Data_Sheet_4_Quantitative Proteomic Profiling of Marine Diatom Skeletonema dohrnii in Response to Temperature and Silicate Induced Environmental Stress.doc

Global warming is expected to reduce the nutrient concentration in the upper ocean and affect the physiology of marine diatoms, but the underlying molecular mechanisms controlling these physiological changes are currently unknown. To understand these mechanisms, here we investigated iTRAQ based proteomic profiling of diatom Skeletonema dohrnii in a multifactorial experimental with a combining change of temperature and silicate concentrations. In total, 3369 differently abundant proteins were detected in four different environmental conditions, and the function of all proteins was identified using Gene Ontology and KEGG pathway analysis. For discriminating the proteome variation among samples, multivariate statistical analysis (PCA, PLS-DA) was performed by comparing the protein ratio differences. Further, performing pathway analysis on diatom proteomes, we here demonstrated downregulation of photosynthesis, carbon metabolism, and ribosome biogenesis in the cellular process that leads to decrease the oxidoreductase activity and affects the cell cycle of the diatom. Using PLS-DA VIP score plot analysis, we identified 15 protein biomarkers for discriminating studied samples. Of these, five proteins or gene (rbcL, PRK, atpB, DNA-binding, and signal transduction) identified as key biomarkers, induced by temperature and silicate stress in diatom metabolism. Our results show that proteomic finger-printing of S. dohrnii with different environmental conditions adds biological information that strengthens marine phytoplankton proteome analysis.

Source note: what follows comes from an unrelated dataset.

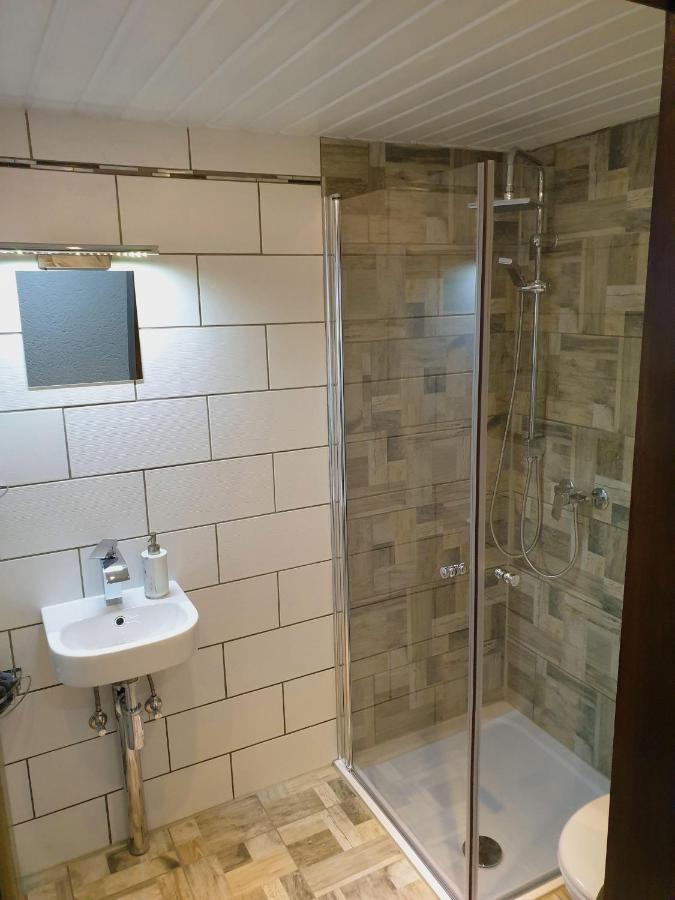 Saechsische-Schweiz-Ferienhaus-Wohnung-2-Mit-Hervorragendem-Panoramablick-Ueber-Das-Elbtal Königstein an der Elbe Exteriör bild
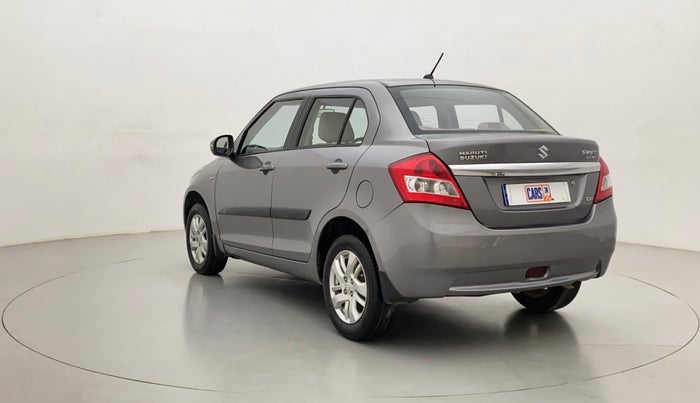 2014 Maruti Swift Dzire ZXI, Petrol, Manual, 95,215 km, Left Back Diagonal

全球变暖预计将降低上层海洋的营养盐浓度，并影响海洋硅藻的生理机能，但调控此类生理变化的潜在分子机制目前仍未阐明。为解析该类机制，本研究通过温度与硅酸盐浓度联合变化的多因子实验，对多氏骨条藻（*Skeletonema dohrnii*）开展了基于同位素相对与绝对定量标记（iTRAQ，isobaric Tags for Relative and Absolute Quantitation）的蛋白质组学分析。本研究在4种不同环境条件下共检测到3369个差异丰度蛋白，并通过基因本体（Gene Ontology, GO）注释与京都基因与基因组百科全书通路（KEGG pathway）分析完成了所有蛋白的功能注释。为区分不同样本间的蛋白质组差异，本研究通过比较蛋白比值差异开展了多元统计分析（主成分分析PCA、偏最小二乘判别分析PLS-DA）。进一步针对硅藻蛋白质组开展通路富集分析后，本研究证实：在相关细胞过程中，光合作用、碳代谢及核糖体生物发生通路出现下调，进而导致氧化还原酶活性降低，并影响硅藻的细胞周期。通过偏最小二乘判别分析可变重要性投影得分（VIP score）图分析，本研究鉴定出15个可区分受试样本的蛋白质生物标志物。其中，5个蛋白/基因（rbcL、PRK、atpB、DNA结合蛋白及信号转导相关蛋白）被鉴定为关键生物标志物，其表达受温度与硅酸盐胁迫诱导，参与硅藻代谢过程。本研究结果表明，针对不同环境条件下的多氏骨条藻开展蛋白质组指纹图谱分析，可为强化海洋浮游植物蛋白质组学研究提供新的生物学信息。